Could you copy exactly the lines from the one containing "Building Photo - 19874 W Devonshire Ave" through the last line of the records, leaving out every picture?
↓↓↓
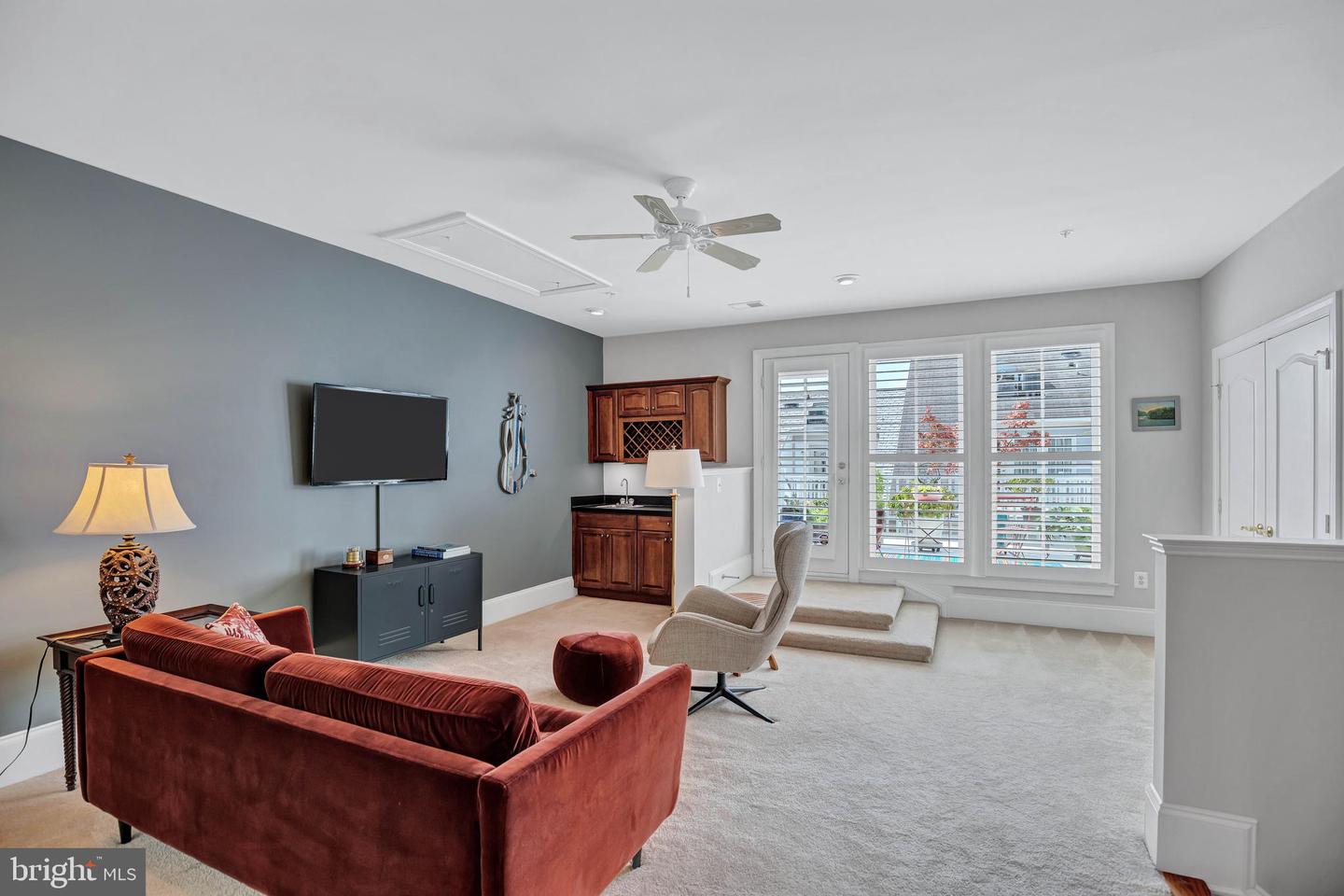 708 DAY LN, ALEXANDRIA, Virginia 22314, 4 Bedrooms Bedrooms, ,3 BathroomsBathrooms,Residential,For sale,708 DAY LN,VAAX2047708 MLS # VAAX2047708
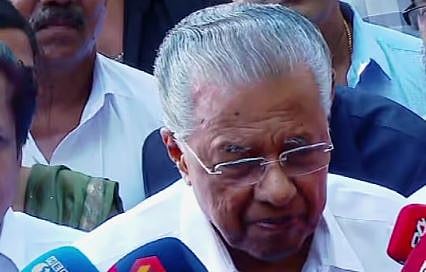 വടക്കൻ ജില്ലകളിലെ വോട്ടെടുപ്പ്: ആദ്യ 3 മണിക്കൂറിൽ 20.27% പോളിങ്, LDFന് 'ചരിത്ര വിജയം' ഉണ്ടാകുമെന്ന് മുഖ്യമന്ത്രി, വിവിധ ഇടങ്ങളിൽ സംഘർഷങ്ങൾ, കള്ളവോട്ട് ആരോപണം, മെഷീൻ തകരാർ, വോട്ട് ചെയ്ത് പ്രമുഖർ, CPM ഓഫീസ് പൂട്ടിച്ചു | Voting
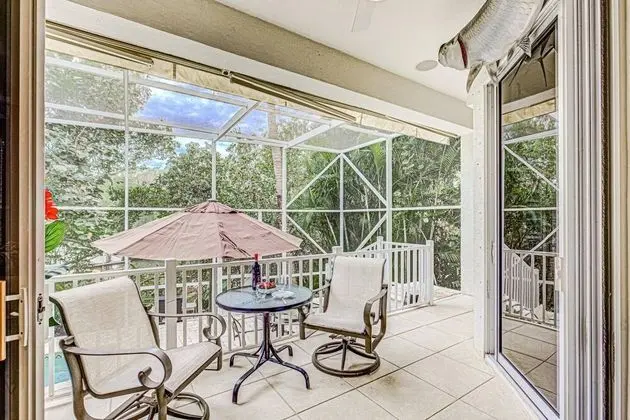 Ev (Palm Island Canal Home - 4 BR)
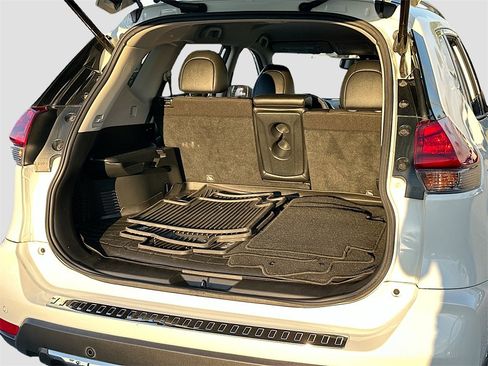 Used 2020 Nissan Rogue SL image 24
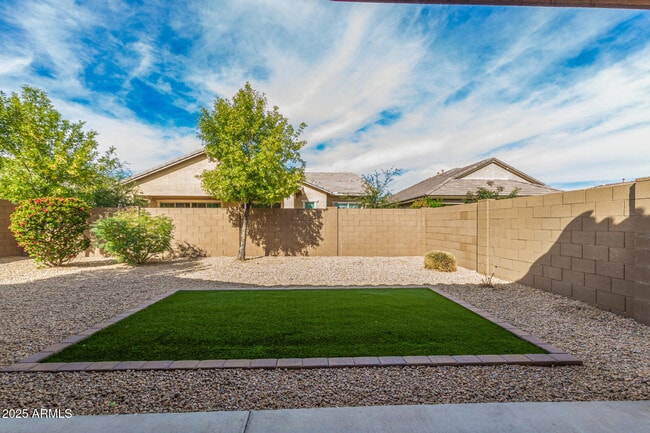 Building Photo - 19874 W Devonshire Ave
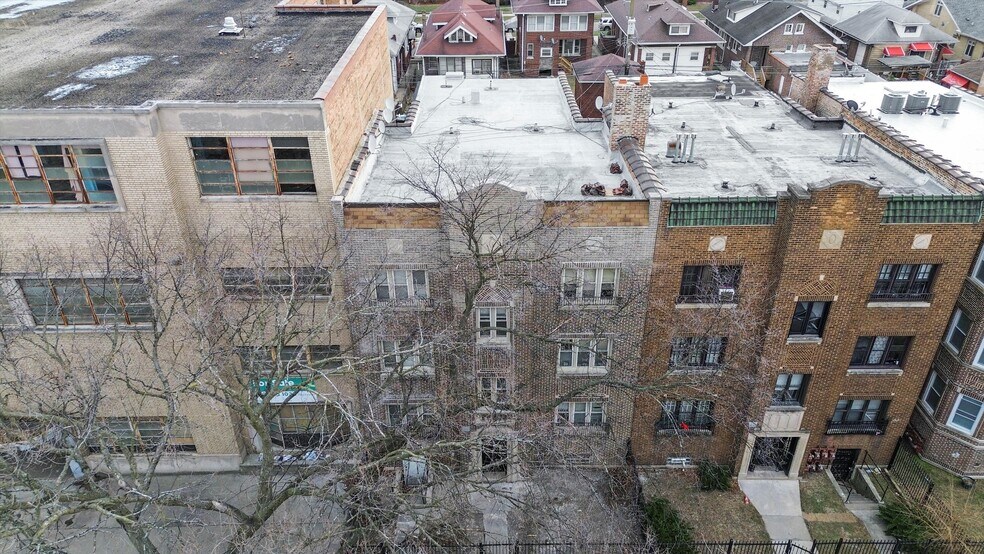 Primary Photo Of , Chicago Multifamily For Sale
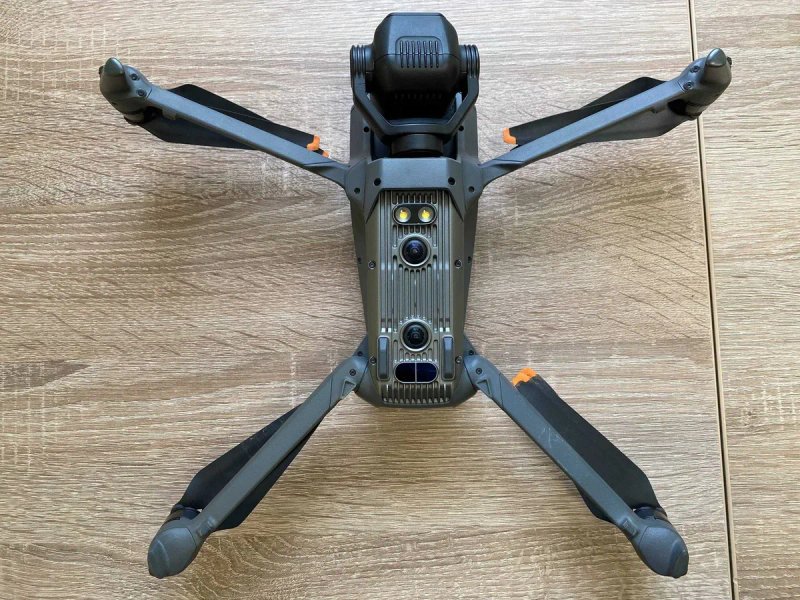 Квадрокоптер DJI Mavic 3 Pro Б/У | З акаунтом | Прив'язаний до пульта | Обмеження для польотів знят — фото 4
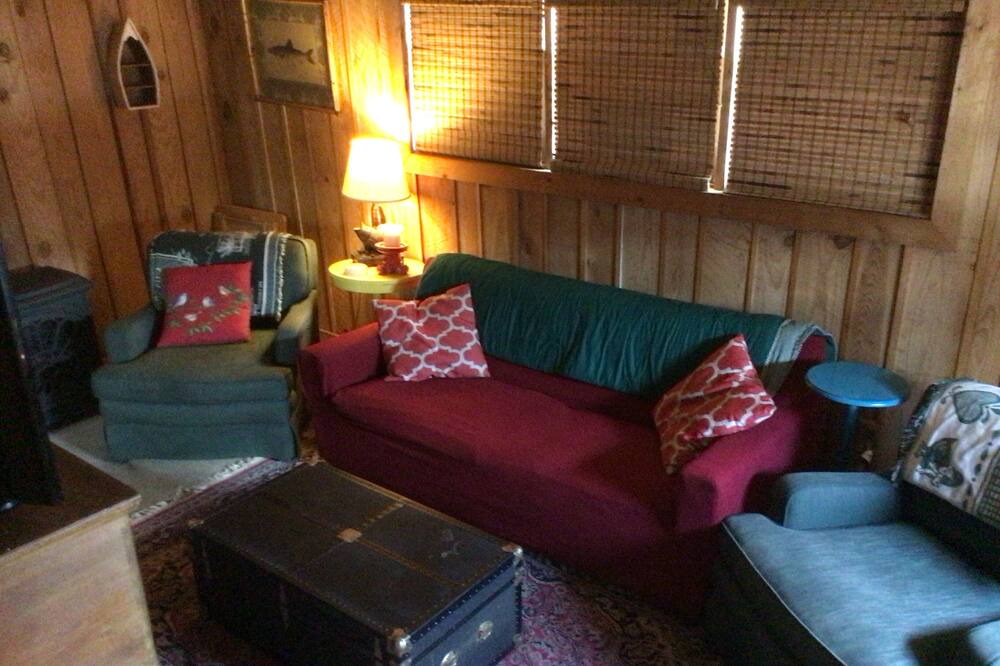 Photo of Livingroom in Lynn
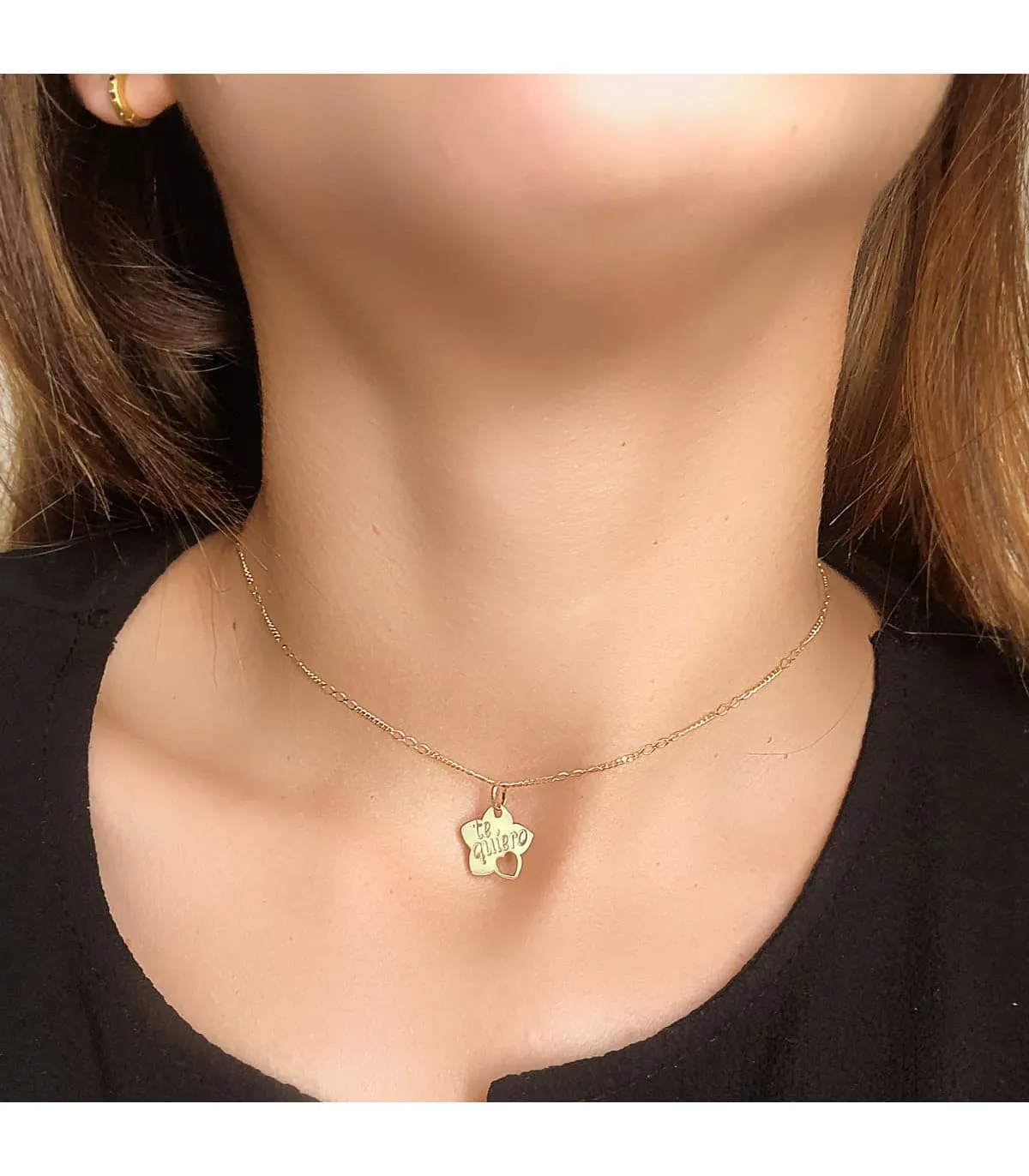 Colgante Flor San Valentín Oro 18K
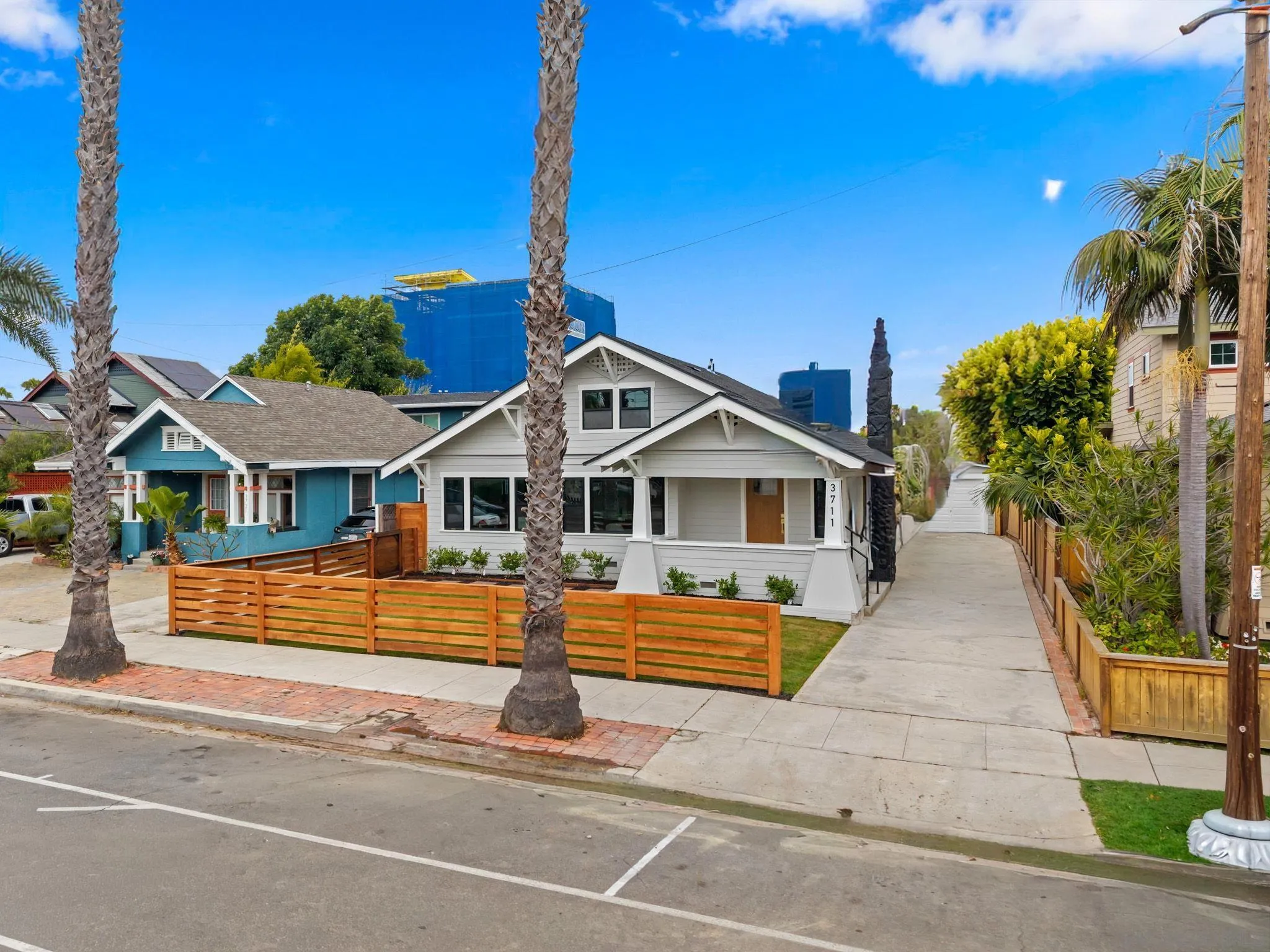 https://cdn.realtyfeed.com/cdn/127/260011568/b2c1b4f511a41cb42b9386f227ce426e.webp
↑↑↑
> SOLUTION TO THE EXERCISE
 Building Photo - 19874 W Devonshire Ave
 Primary Photo Of , Chicago Multifamily For Sale
 Квадрокоптер DJI Mavic 3 Pro Б/У | З акаунтом | Прив'язаний до пульта | Обмеження для польотів знят — фото 4
 Photo of Livingroom in Lynn
 Colgante Flor San Valentín Oro 18K
 https://cdn.realtyfeed.com/cdn/127/260011568/b2c1b4f511a41cb42b9386f227ce426e.webp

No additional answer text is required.